But it works! The challenge now is to make it easy to update and maintain.

Church was lovely this morning; besides the amusing quote If you have to ask whether you're young or old, you're old, the message was powerful: the importance of community. I heard something recently on NPR about how with economic prosperity comes a breakdown of community. Exactly how does this happen? I'll tell you. I don't know. The basic idea described on the radio was the idea that in poor villages, people have to rely on each other a lot more. But as prosperity comes, people become less reliant on each other; they're more "self-sufficient" (or so they/we tend to think) and therefore become more isolated. Dumb, huh? Yet I resemble that remark. I need to ponder that one too.

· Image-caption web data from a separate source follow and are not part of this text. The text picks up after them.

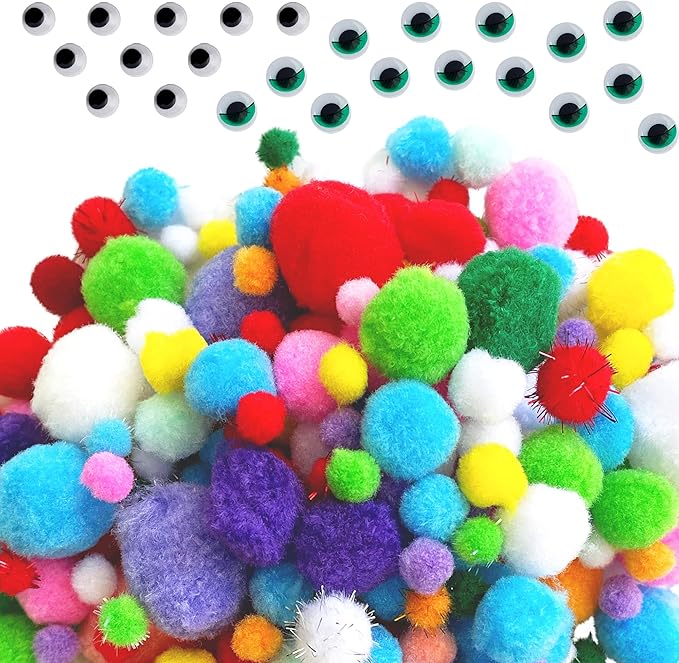 EpiqueOne 2100-Piece Arts & Craft Supplies Set - Dp crafts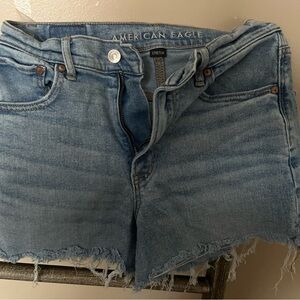 American Eagle Light Blue Stretch Denim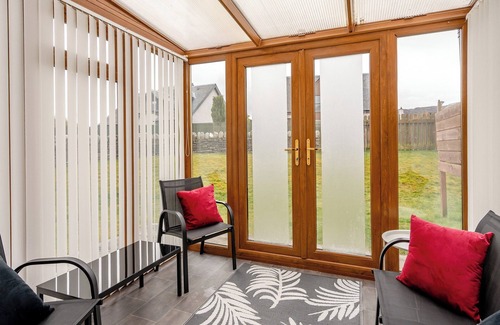 Coylumbridge Cabaña | Alojamiento de 3 habitaciones en Aviemore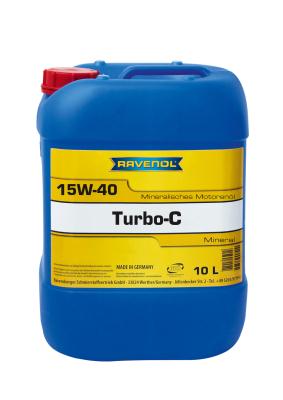 Купить запчасть RAVENOL - 4014835724549 Turbo-C HD-C SAE 15W-40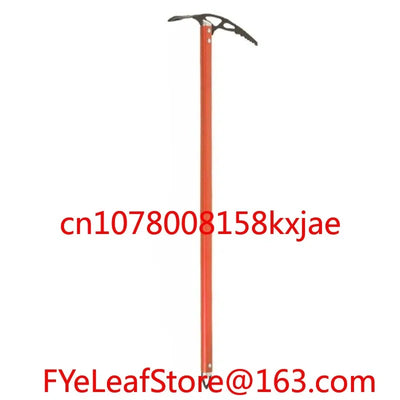 Multifunctional Mountaineering Ice Axe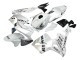 2003-2004 Honda CBR600RR Motorcycle Fairings - White Silver Black Repsol Canada Websites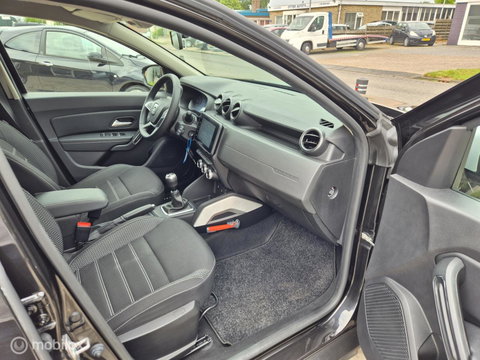 Dacia Duster 1.0 TCe Bi-Fuel Prestige, Trekhaak, Dealer onderhouden!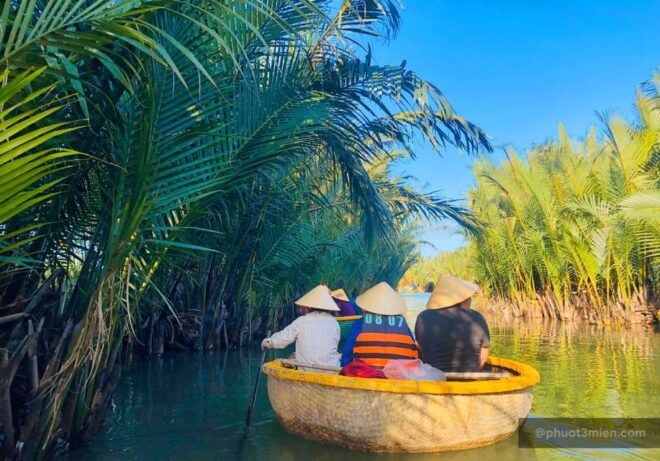 Bay Mau Coconut Palm Forest - Daily Tours - Tour Duration and Availability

The lovely Carol and I went for a walk at Pulgas Ridge this afternoon. Our faithful pup also enjoyed the walk, though it was rather warm. It was great being outdoors and moving our bodies around.

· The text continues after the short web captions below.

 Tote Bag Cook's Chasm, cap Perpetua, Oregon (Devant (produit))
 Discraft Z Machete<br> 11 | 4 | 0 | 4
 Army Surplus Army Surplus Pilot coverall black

Dinner tonight was fried rice—many leftover veggies make for an interesting dish. The lovely Carol offered to do the dishes since I'd done the cooking.

So I am thankful today. Sometimes I wonder how it was that I got to live in such a time and place as this, to have only minor problems in life, and so on. Not that I'm complaining. Praise God from whom all blessings flow! Amen.

Friday, August 16, 2013

Buying a lei in Kailua (as in Kaneohe, not as in Kona)

Aren't you glad I didn't title this "getting lei'd in Kailua"?

Suppose you're a young newlywed and you want to buy a lei for your honey, and you're staying on the windward side of Oahu. You type "lei" into Google maps and you notice this entry.

Well, it doesn't work. First, 776 Kailua Road isn't where google maps says it is. Second, 776 Kailua Road actually has a surfboard shop and an Arthur Murray studio. So what's a young lei-seeker to do?

Well, it turns out that Walgreen's has leis. At least an orchid lei (a "vanda lei" as I would call it). The folks at the Portuguese Bake Shop told me that Foodland, 7-eleven, and Long's (yes, it's still called Long's here in the islands) all have leis.

But not Lavender Lei, and not at 776 Kailua Road.

Tuesday, August 13, 2013

A Praying Life

The younger ex-teen got this book, A Praying Life by Paul E. Miller (NavPress, 2009). My first comment: Wow!

Chapter 1 is titled “What good does it do?”—something we've asked in the quiet (or noise) of our hearts, but the author recounts a time when he said to his then-teenager, “Let’s pray” (about a missing contact lens). In response she

… burst into tears. “What good does it do? I’ve prayed for Kim to speak, and she isn’t speaking”

Kim struggles with autism and developmental delay. …[S]he is also mute.

page 15
Indeed. What good does prayer do? Doesn't God already know what we need before we ask?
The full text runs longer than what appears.